Despite all the warnings, the market has still not fully woken up to the introduction of further measures concerning Energy Performance Certificates (EPCs) which are set to come into force in April 2018.
The requirement to have an EPC in place before marketing a property has been in force for over five years, but after 2018 it will become unlawful for any commercial or residential property to be either sold or let where it has an EPC rating of below band E.
At present a large proportion of properties fall into this category.
Paul Williams, head of agency at the Bristol office of Bruton Knowles, believes further work needs to be done to ensure owners are aware of the new rules, and the practical implications should they not take appropriate action by the time the legislation comes into force.
Paul said: “If a landlord is able to rent out a property without having to do anything to it, then it is perfectly understandable that they would want to do so. It’s a bit like selling a car without having to put on new tyres, if the existing tyres are still legal.
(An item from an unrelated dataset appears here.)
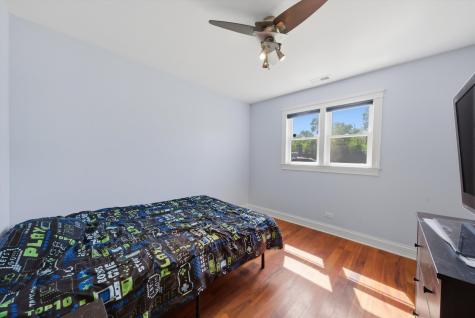 3859 North Cumberland Avenue Chicago IL 60634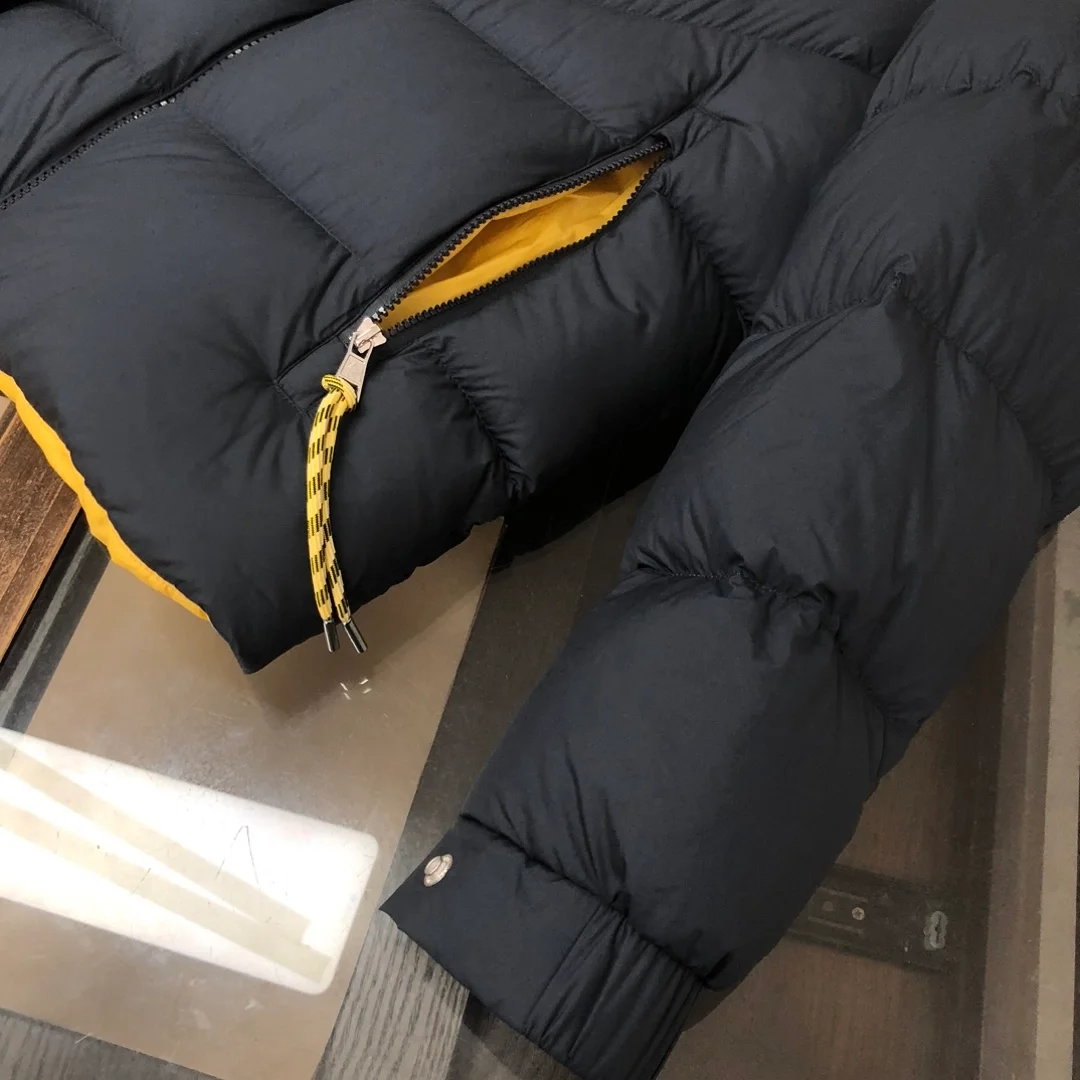 몽클레어 카트마이 쇼트 다운 재킷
“At present, awareness amongst occupiers remains relatively low, but this will only rise as time progresses as the potential impact of the legislation is recognised.
“From a tenant’s perspective, the forthcoming changes mean that they may find that they can potentially drive down their rent or threaten to move on if the required improvements aren’t made.
“The landlord will then be unable to re-let or sell the property without carrying out potentially costly works to improve its energy efficiency rating. If this scenario is repeated across a portfolio of investments, then the risks are easy to see.
“A landlord may find themselves with a portfolio of property which can’t be let without expensive improvements being carried out, and not even able to cut their losses and sell poorly performing assets which fail the EPC test. In the meantime under current rules they will remain liable for payment of business rates even if the property is empty.
“Thinking you can do little or nothing is therefore not really an option unless owners are happy to risk ending up with a portfolio of void properties on their hands, whereas undertaking a programme of improvements over the next couple of years could help to spread the cost and minimise future risks.”
Paul added: “There is still time to make sure any properties are up to scratch in terms of energy performance.
“With Bristol basking in the Green Capital limelight, if ever there was a time to undertake any improvements then now is it.
“Our advice is to undertake any energy efficiency improvements during current void periods or lease breaks. They will more than likely be simple, low-cost measures which can be implemented and will have a significant impact on the energy rating of a building.”
In terms of residential properties, the new legislation is likely to affect both small buy to let landlords and large portfolio holders.
From 2016, residential tenants are able to insist that their landlords make energy efficiency improvements, and as with commercial premises, from 2018 houses and flats with a rating of “F” or “G” will be both unlettable and unsaleable by law.
Paul added: “We are trying to encourage residential property owners to draft a programme of capital improvements so that the necessary spend can be spread over three years rather than left to the last minute.